**WORK TO BE COMPLETED**
Every single record below is to be reproduced exactly.

**SUPPLIED DATA**

== Segment start ==

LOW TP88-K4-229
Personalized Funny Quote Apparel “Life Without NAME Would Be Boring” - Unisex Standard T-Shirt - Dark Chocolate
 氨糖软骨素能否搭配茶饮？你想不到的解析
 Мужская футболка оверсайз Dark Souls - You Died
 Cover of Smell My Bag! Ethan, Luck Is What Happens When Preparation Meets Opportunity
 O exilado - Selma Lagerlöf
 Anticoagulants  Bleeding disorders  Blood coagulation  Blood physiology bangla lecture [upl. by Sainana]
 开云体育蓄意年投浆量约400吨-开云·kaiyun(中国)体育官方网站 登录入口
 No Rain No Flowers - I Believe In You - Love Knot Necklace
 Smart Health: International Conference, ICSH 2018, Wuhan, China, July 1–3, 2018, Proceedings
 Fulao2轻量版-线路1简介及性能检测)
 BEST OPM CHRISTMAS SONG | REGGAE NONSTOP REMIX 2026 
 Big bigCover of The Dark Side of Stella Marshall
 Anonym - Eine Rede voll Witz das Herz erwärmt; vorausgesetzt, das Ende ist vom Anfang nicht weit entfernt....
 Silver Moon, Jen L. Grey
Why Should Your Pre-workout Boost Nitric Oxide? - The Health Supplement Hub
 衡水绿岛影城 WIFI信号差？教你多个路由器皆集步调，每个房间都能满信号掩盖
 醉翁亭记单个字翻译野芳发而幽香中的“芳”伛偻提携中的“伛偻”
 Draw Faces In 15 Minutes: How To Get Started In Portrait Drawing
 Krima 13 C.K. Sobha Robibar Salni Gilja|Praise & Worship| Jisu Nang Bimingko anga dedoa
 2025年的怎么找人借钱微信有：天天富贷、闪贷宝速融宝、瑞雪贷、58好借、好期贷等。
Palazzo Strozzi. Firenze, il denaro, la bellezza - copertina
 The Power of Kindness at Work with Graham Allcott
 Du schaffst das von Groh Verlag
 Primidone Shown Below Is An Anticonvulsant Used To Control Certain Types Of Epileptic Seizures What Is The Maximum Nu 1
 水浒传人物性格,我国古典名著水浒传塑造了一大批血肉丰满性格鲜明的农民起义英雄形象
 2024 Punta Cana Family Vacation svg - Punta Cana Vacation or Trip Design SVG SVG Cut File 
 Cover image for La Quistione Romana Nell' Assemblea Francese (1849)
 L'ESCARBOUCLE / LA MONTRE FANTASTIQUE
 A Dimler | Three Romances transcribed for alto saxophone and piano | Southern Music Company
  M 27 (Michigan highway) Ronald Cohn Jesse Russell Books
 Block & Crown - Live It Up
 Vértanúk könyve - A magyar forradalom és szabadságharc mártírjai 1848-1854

== Segment end ==

**ANSWER AREA**
LOW TP88-K4-229
Personalized Funny Quote Apparel “Life Without NAME Would Be Boring” - Unisex Standard T-Shirt - Dark Chocolate
 氨糖软骨素能否搭配茶饮？你想不到的解析
 Мужская футболка оверсайз Dark Souls - You Died
 Cover of Smell My Bag! Ethan, Luck Is What Happens When Preparation Meets Opportunity
 O exilado - Selma Lagerlöf
 Anticoagulants  Bleeding disorders  Blood coagulation  Blood physiology bangla lecture [upl. by Sainana]
 开云体育蓄意年投浆量约400吨-开云·kaiyun(中国)体育官方网站 登录入口
 No Rain No Flowers - I Believe In You - Love Knot Necklace
 Smart Health: International Conference, ICSH 2018, Wuhan, China, July 1–3, 2018, Proceedings
 Fulao2轻量版-线路1简介及性能检测)
 BEST OPM CHRISTMAS SONG | REGGAE NONSTOP REMIX 2026 
 Big bigCover of The Dark Side of Stella Marshall
 Anonym - Eine Rede voll Witz das Herz erwärmt; vorausgesetzt, das Ende ist vom Anfang nicht weit entfernt....
 Silver Moon, Jen L. Grey
Why Should Your Pre-workout Boost Nitric Oxide? - The Health Supplement Hub
 衡水绿岛影城 WIFI信号差？教你多个路由器皆集步调，每个房间都能满信号掩盖
 醉翁亭记单个字翻译野芳发而幽香中的“芳”伛偻提携中的“伛偻”
 Draw Faces In 15 Minutes: How To Get Started In Portrait Drawing
 Krima 13 C.K. Sobha Robibar Salni Gilja|Praise & Worship| Jisu Nang Bimingko anga dedoa
 2025年的怎么找人借钱微信有：天天富贷、闪贷宝速融宝、瑞雪贷、58好借、好期贷等。
Palazzo Strozzi. Firenze, il denaro, la bellezza - copertina
 The Power of Kindness at Work with Graham Allcott
 Du schaffst das von Groh Verlag
 Primidone Shown Below Is An Anticonvulsant Used To Control Certain Types Of Epileptic Seizures What Is The Maximum Nu 1
 水浒传人物性格,我国古典名著水浒传塑造了一大批血肉丰满性格鲜明的农民起义英雄形象
 2024 Punta Cana Family Vacation svg - Punta Cana Vacation or Trip Design SVG SVG Cut File 
 Cover image for La Quistione Romana Nell' Assemblea Francese (1849)
 L'ESCARBOUCLE / LA MONTRE FANTASTIQUE
 A Dimler | Three Romances transcribed for alto saxophone and piano | Southern Music Company
  M 27 (Michigan highway) Ronald Cohn Jesse Russell Books
 Block & Crown - Live It Up
 Vértanúk könyve - A magyar forradalom és szabadságharc mártírjai 1848-1854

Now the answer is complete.